Web Sites:
http://www.globalcyclesolutions.com/
http://twitter.com/GlobalCycleSoln
http://globalcyclesolutions.blogspot.com/
What a concept! Global Cycle Solutions (GCS) is a social enterprise started at the MIT. The enterprise sells bicycle-pedal-powered devices: for now, corn (maize) shellers, grinders, and battery chargers. GCS aims to help the world’s 550 million small-scale farmers who live on less than $1/day. The devices are intended to be sold to smallholder farmers and rural villagers, especially to micro-entrepreneurs, whose business will be to travel from farm to farm on the bike, offering a mechanical means of processing grain for a modest fee. GCS has developed the interface to allow the bike to power the sheller, grinder, and battery charger. The bicycle returns to being "just a bike" when the device is disengaged.
A pilot project has been conducted in Arusha and the results suggest that micro-entrepreneurs may recoup the cost of the device in less than two weeks. Local microfinance organizations are being involved to help farmers access these products. I look forward to hearing that other devices have been developed. One that interests me particularly is a device for winnowing wheat using the bike. Now that's something even I would buy!
For a sense of the difficulty of hand shelling and hand grinding, take a look at the Tumbledown Farm corn page and wheat page.
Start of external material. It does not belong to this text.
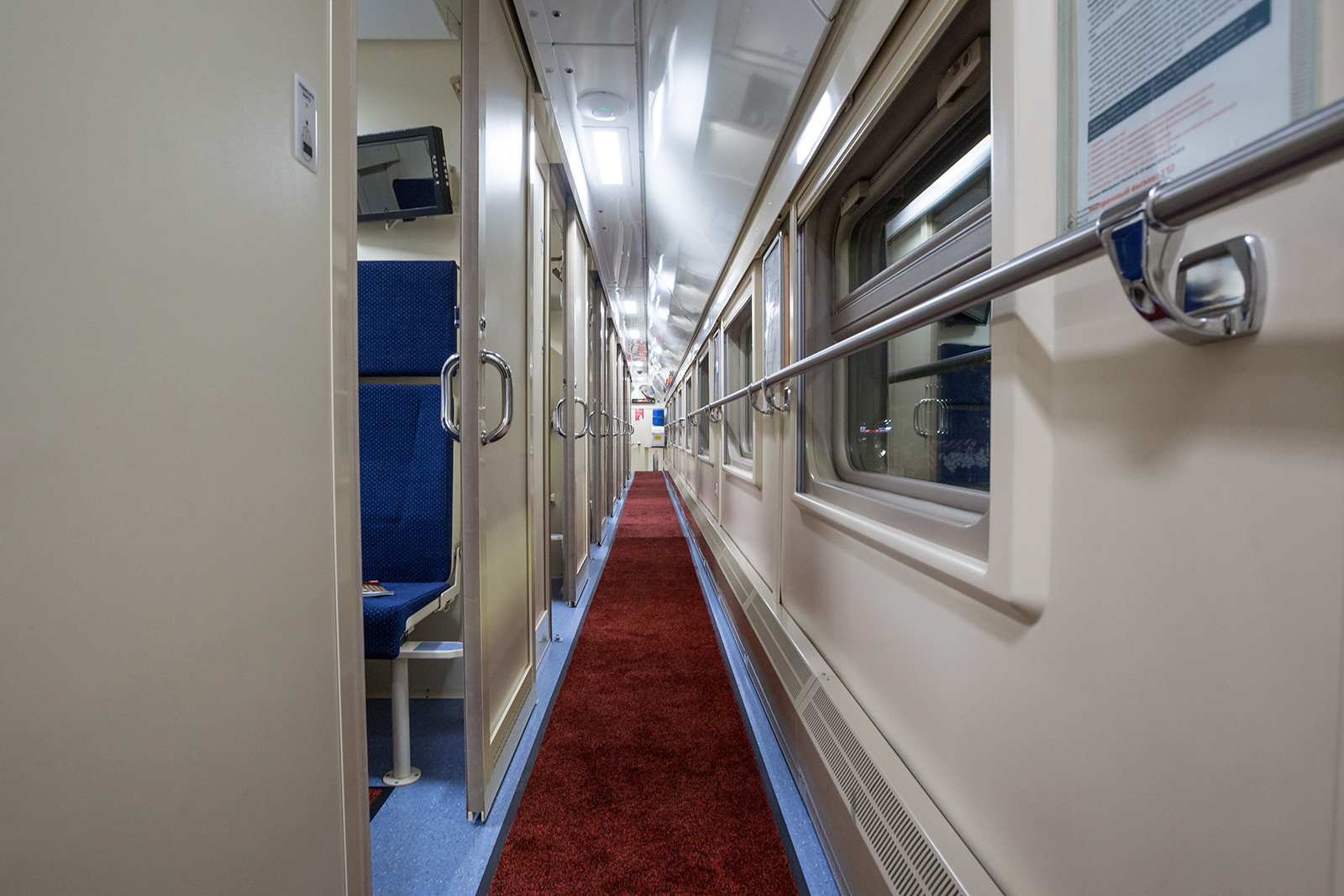 двухэтажный поезд москва санкт петербург внутри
I first heard about the new device from an article on Farming First, which I mostly support, though I worry that they are promoting the sort of dependence on industrial ag that now plagues much of the world (e.g., this week was about developments in India that encourage the use of industrial inputs). There are farming solutions that will keep more people profitably employed working on the farm (e.g., the sorts of human-scale, human-powered devices highlighted above). So, why make folks dependent--even for the short term--on industrial seed giants and industrially produced fertilizers?